*Task instructions*. Where a picture appears, skip it and copy everything else in the listing exactly.
◆ ◆ ◆
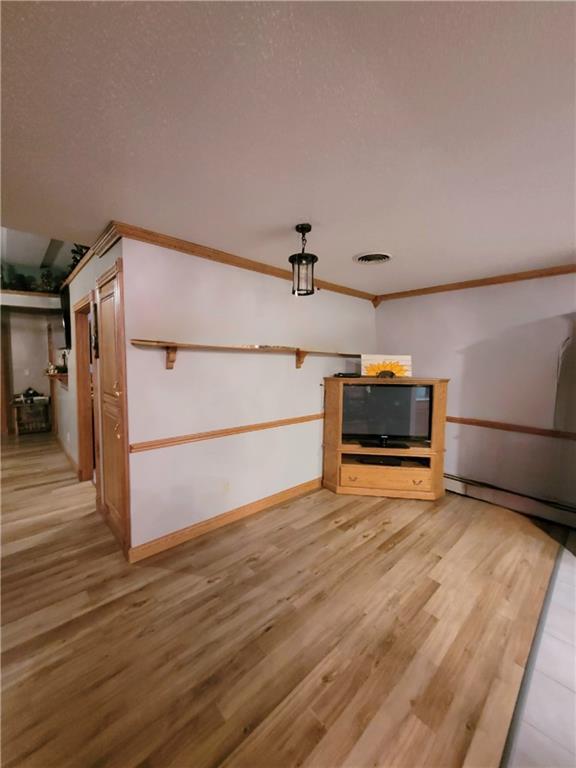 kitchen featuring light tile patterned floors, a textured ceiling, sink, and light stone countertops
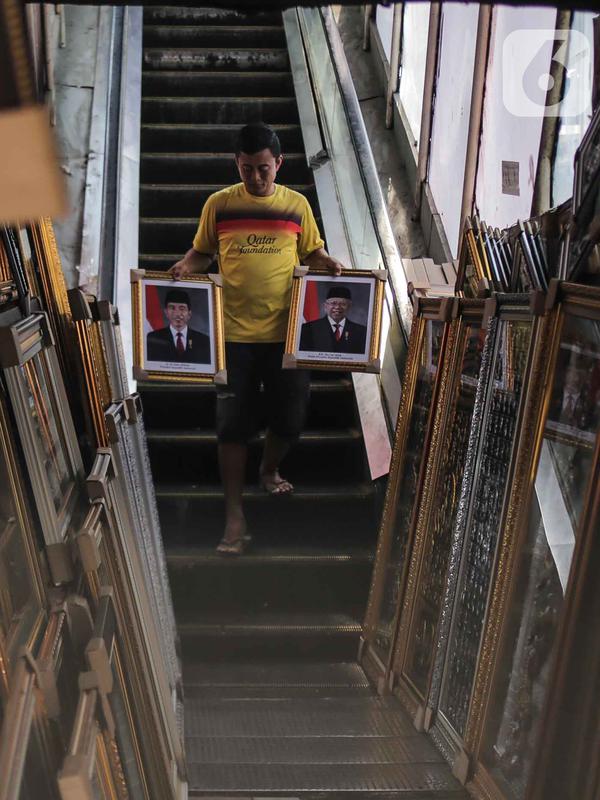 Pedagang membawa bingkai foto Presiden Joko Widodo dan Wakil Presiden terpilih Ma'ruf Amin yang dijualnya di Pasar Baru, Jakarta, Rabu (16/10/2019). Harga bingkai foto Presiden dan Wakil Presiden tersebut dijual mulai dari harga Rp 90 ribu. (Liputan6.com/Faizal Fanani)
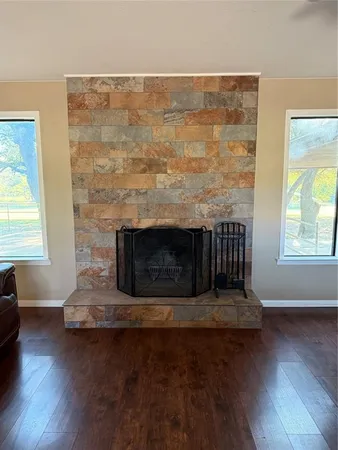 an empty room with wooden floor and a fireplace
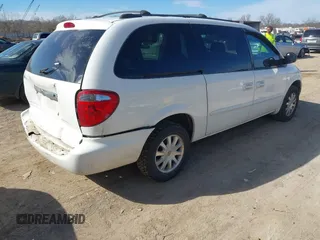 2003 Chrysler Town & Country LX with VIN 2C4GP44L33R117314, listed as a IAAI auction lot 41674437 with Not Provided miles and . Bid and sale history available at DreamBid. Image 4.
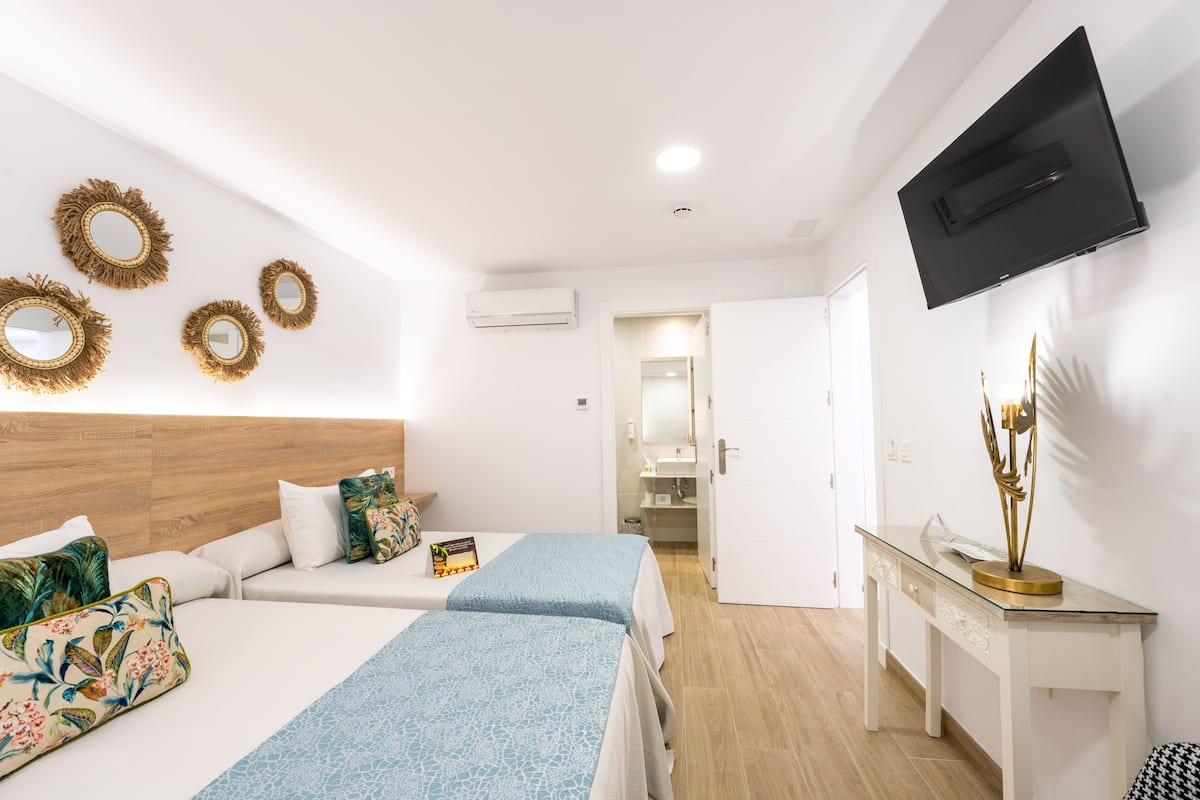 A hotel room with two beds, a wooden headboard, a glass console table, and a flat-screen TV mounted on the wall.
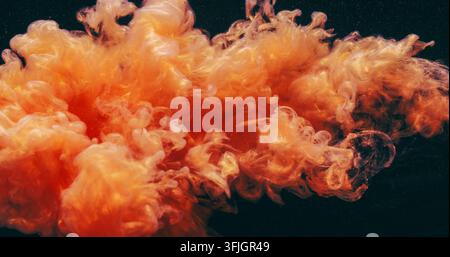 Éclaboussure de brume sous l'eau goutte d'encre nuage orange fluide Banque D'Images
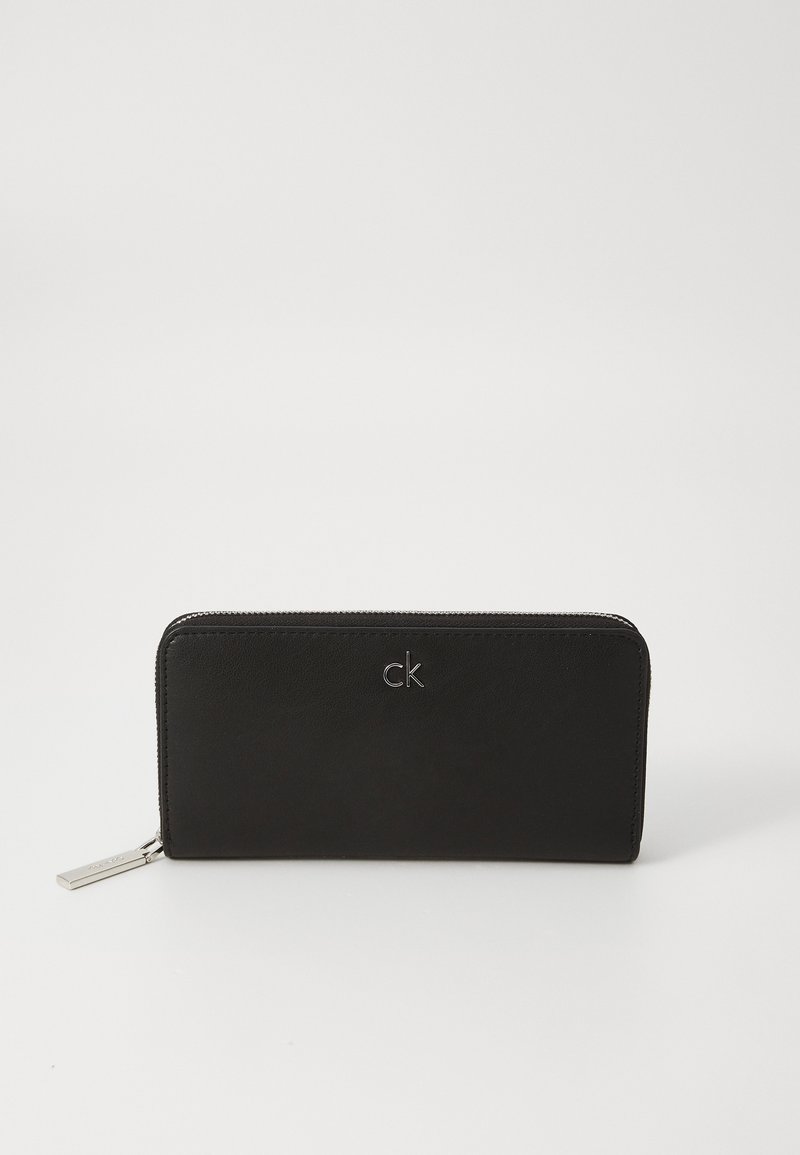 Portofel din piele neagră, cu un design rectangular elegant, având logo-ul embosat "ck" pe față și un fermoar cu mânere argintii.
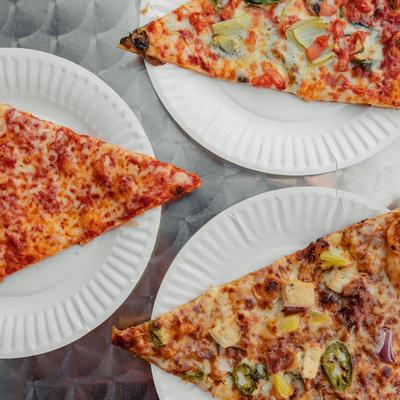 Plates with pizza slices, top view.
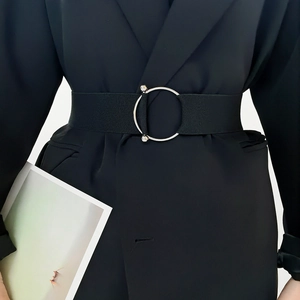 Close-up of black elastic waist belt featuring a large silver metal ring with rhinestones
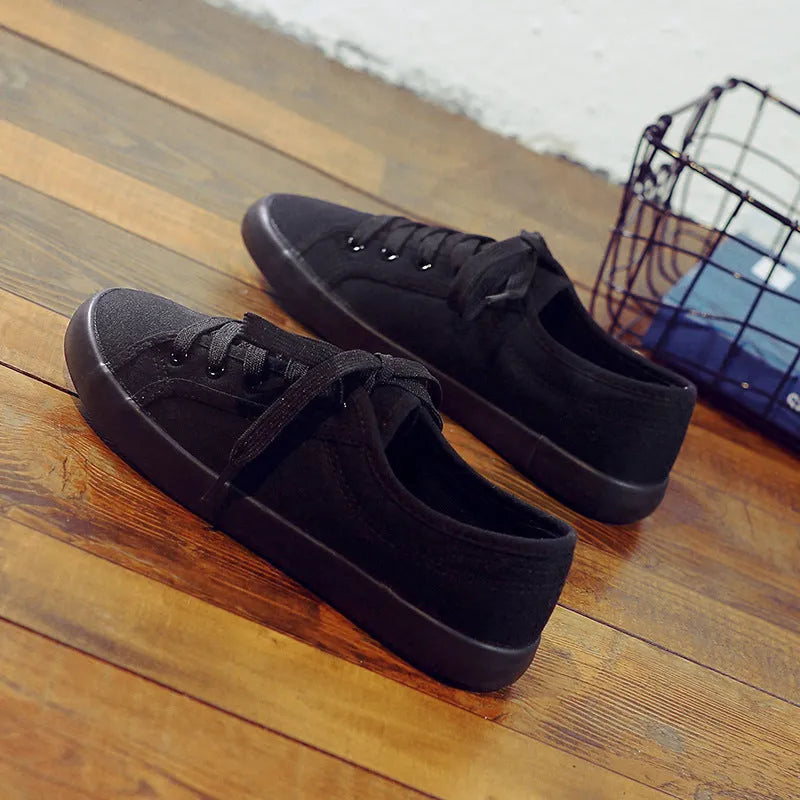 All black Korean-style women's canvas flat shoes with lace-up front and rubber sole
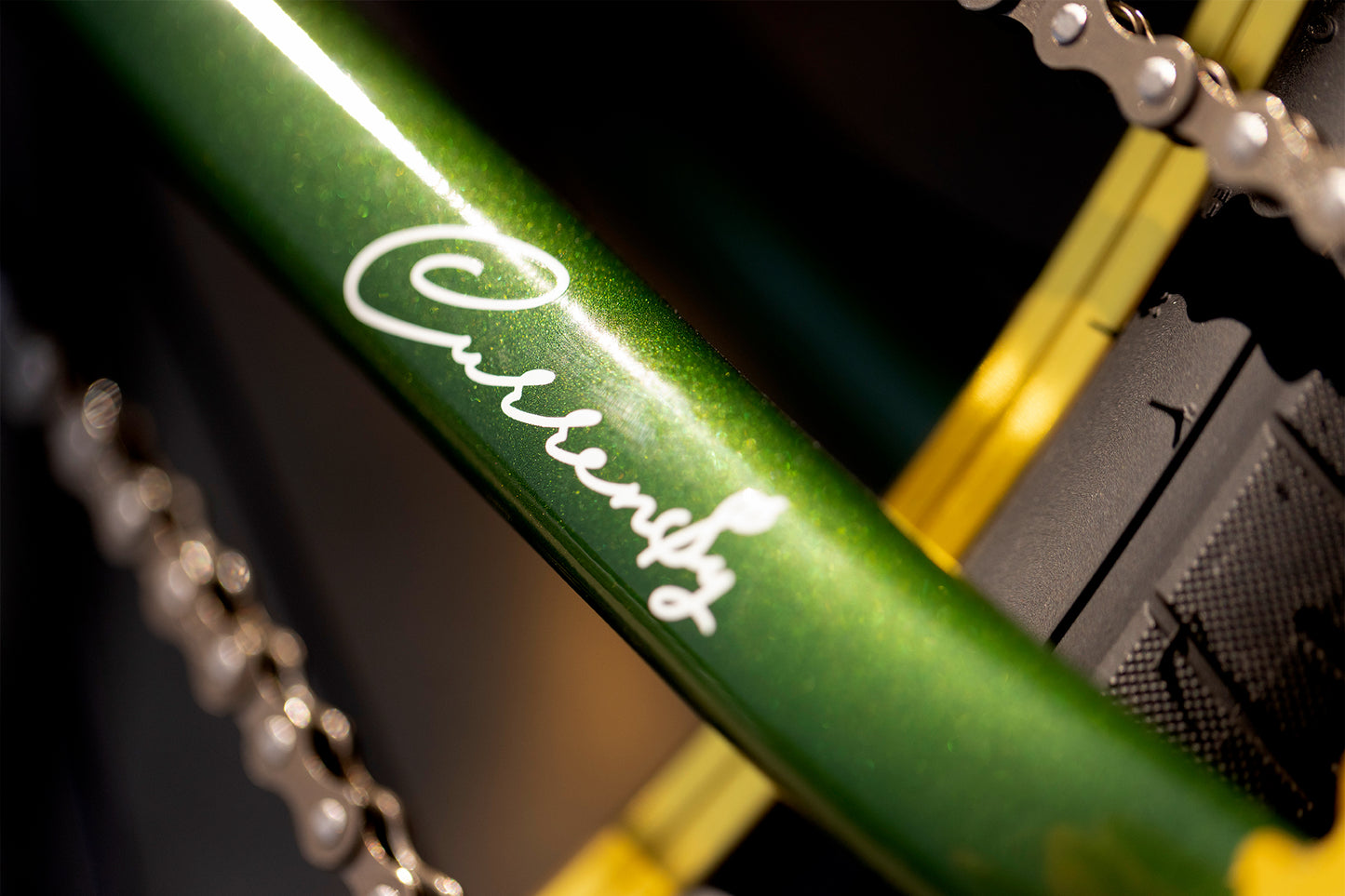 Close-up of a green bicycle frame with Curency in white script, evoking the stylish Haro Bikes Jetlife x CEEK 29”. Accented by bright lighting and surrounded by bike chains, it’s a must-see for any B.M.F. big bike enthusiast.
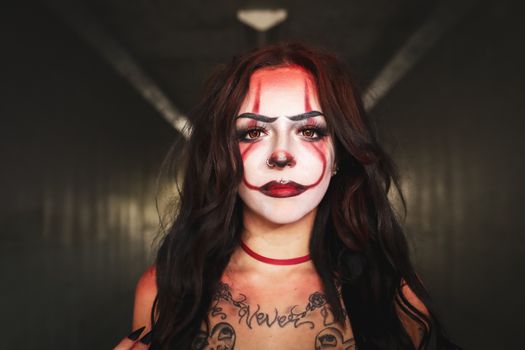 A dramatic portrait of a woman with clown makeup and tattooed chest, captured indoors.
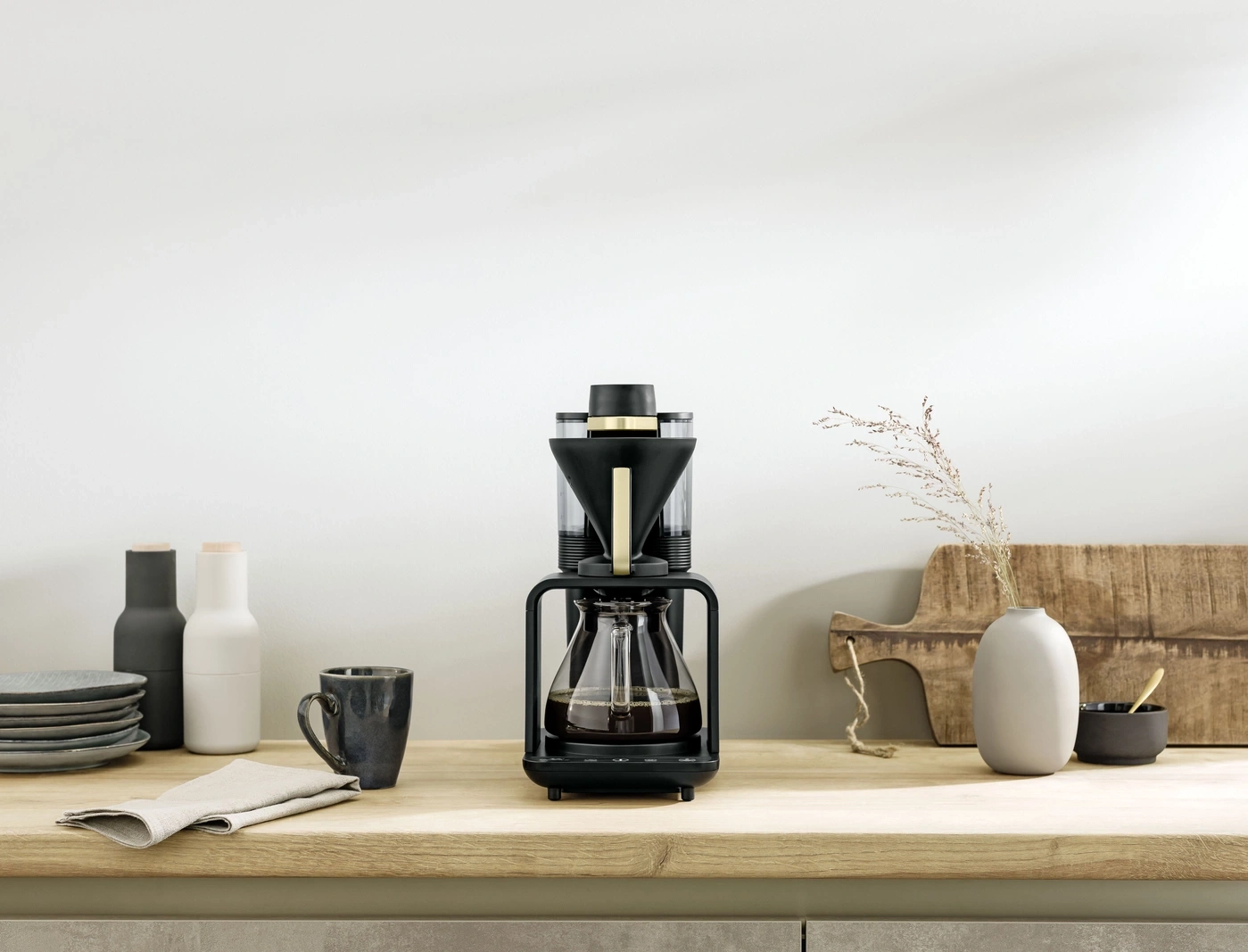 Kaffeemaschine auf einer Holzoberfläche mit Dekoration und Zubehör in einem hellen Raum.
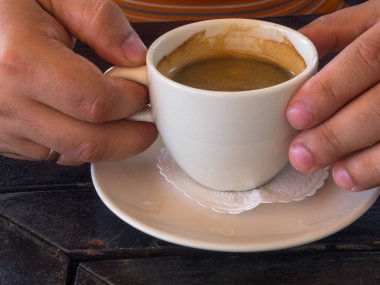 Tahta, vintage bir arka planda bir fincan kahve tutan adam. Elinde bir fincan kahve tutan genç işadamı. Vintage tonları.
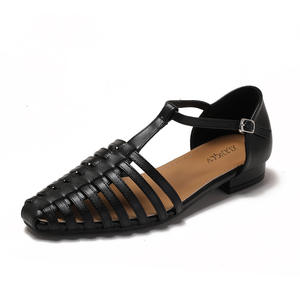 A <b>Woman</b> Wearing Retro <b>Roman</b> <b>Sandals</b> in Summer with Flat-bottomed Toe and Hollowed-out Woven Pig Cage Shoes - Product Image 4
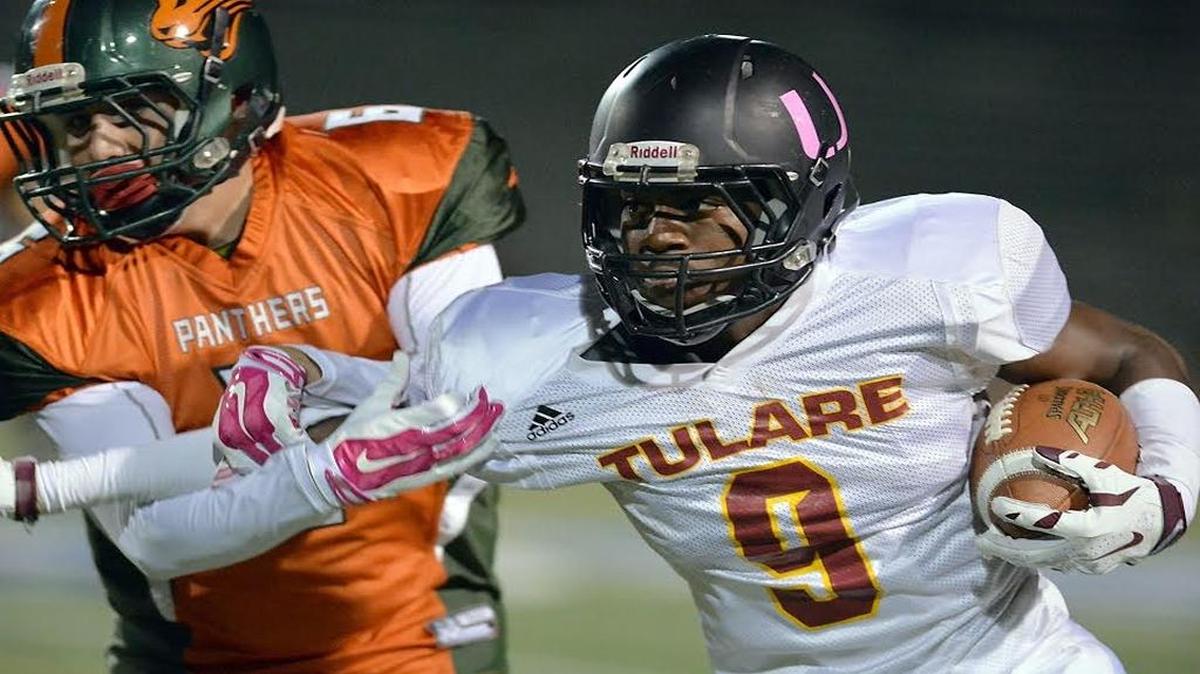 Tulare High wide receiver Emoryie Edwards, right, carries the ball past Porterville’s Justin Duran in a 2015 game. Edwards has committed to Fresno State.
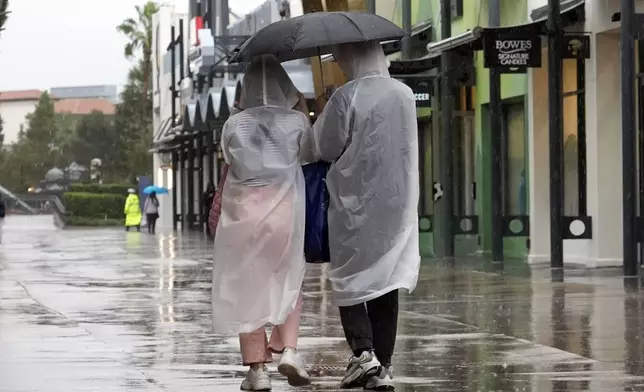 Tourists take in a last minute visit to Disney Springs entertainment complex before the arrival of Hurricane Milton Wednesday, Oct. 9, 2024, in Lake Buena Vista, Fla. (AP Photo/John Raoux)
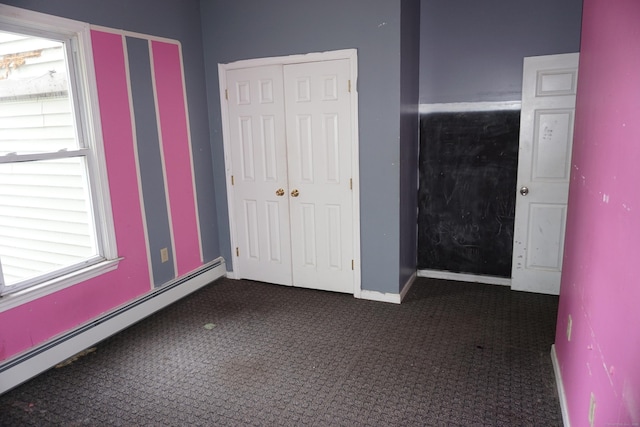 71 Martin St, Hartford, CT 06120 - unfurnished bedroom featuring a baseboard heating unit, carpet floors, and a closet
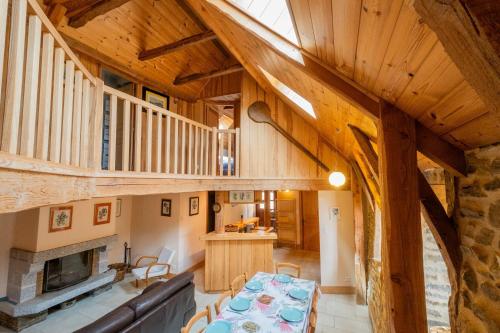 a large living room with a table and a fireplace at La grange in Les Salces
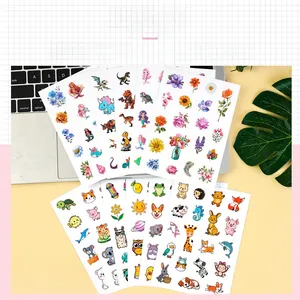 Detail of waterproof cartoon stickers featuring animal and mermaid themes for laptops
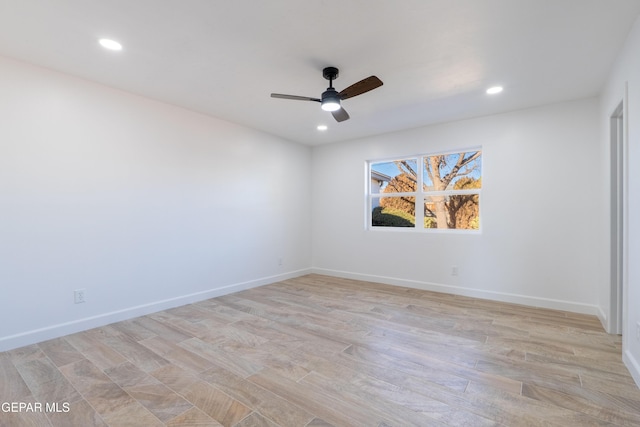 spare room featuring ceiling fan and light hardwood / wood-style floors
◆ ◆ ◆
*Output of the task*.
 kitchen featuring light tile patterned floors, a textured ceiling, sink, and light stone countertops
 Pedagang membawa bingkai foto Presiden Joko Widodo dan Wakil Presiden terpilih Ma'ruf Amin yang dijualnya di Pasar Baru, Jakarta, Rabu (16/10/2019). Harga bingkai foto Presiden dan Wakil Presiden tersebut dijual mulai dari harga Rp 90 ribu. (Liputan6.com/Faizal Fanani)
 an empty room with wooden floor and a fireplace
 2003 Chrysler Town & Country LX with VIN 2C4GP44L33R117314, listed as a IAAI auction lot 41674437 with Not Provided miles and . Bid and sale history available at DreamBid. Image 4.
 A hotel room with two beds, a wooden headboard, a glass console table, and a flat-screen TV mounted on the wall.
 Éclaboussure de brume sous l'eau goutte d'encre nuage orange fluide Banque D'Images
 Portofel din piele neagră, cu un design rectangular elegant, având logo-ul embosat "ck" pe față și un fermoar cu mânere argintii.
 Plates with pizza slices, top view.
 Close-up of black elastic waist belt featuring a large silver metal ring with rhinestones
 All black Korean-style women's canvas flat shoes with lace-up front and rubber sole
 Close-up of a green bicycle frame with Curency in white script, evoking the stylish Haro Bikes Jetlife x CEEK 29”. Accented by bright lighting and surrounded by bike chains, it’s a must-see for any B.M.F. big bike enthusiast.
 A dramatic portrait of a woman with clown makeup and tattooed chest, captured indoors.
 Kaffeemaschine auf einer Holzoberfläche mit Dekoration und Zubehör in einem hellen Raum.
 Tahta, vintage bir arka planda bir fincan kahve tutan adam. Elinde bir fincan kahve tutan genç işadamı. Vintage tonları.
 A <b>Woman</b> Wearing Retro <b>Roman</b> <b>Sandals</b> in Summer with Flat-bottomed Toe and Hollowed-out Woven Pig Cage Shoes - Product Image 4
 Tulare High wide receiver Emoryie Edwards, right, carries the ball past Porterville’s Justin Duran in a 2015 game. Edwards has committed to Fresno State.
 Tourists take in a last minute visit to Disney Springs entertainment complex before the arrival of Hurricane Milton Wednesday, Oct. 9, 2024, in Lake Buena Vista, Fla. (AP Photo/John Raoux)
 71 Martin St, Hartford, CT 06120 - unfurnished bedroom featuring a baseboard heating unit, carpet floors, and a closet
 a large living room with a table and a fireplace at La grange in Les Salces
 Detail of waterproof cartoon stickers featuring animal and mermaid themes for laptops
 spare room featuring ceiling fan and light hardwood / wood-style floors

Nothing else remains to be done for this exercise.